Coexisting with Sandy Spring’s rural agrarian landscape is the former market town of Brookeville, encompassing mills powered by a tributary of the Patuxent. Its establishment reflected the social and economic transformation of rural communities that occurred nationwide during the post-Revolutionary War period. By 1813, Brookeville included two mills, a tan yard, stores, a post office, a blacksmith shop, a school, and fourteen houses. Expanding during the nineteenth century, by 1880 it boasted the third largest population in Montgomery County. Now a quiet residential community, it encompasses a range of building styles nestled within an idyllic, rolling landscape.
Noteworthy is the Madison House (c. 1798; 205 Market Street), a Federal-style two-story brick residence with a wing that housed the town’s first store and post office.
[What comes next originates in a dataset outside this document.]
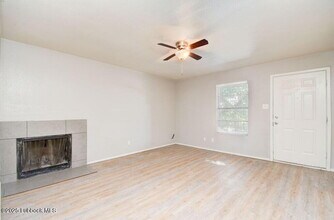 3206 Salisbury Ave in Lubbock, TX - Building Photo - Building Photo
The name references its role as refuge to President James Madison during the War of 1812 British invasion of Washington. The neighboring Italianate house (c. 1850; 207 Market) was built for physician Artemus Riggs, encompassing his brick office to the rear. A Federal side-hall-plan brick house (c. 1801; 307 Market) was built for the town’s blacksmith. David Newlin’s simple, one-room and loft stone house (c. 1800; 318 Market), later significantly enlarged, sat adjacent to his former mill.
Built c. 1800 to attract skilled workers are three hall-parlor cottages, banked into the hillsides to provide a ground-level kitchen, with the formal room on the main level and loft above. The cottage (203 Market) erected for Richard Thomas’s millhand is of stone while the other two cottages, (198 and 313 Market), are of frame and log construction, respectively.
The stone Brookeville Academy (c. 1810; 5 High Street), built as a boys’ private school, is now the community meeting hall, and the quintessential one-room Brookeville Public School House (c. 1865; North Street) is one of the only original seventy frame schoolhouses in Montgomery County by 1880 to survive.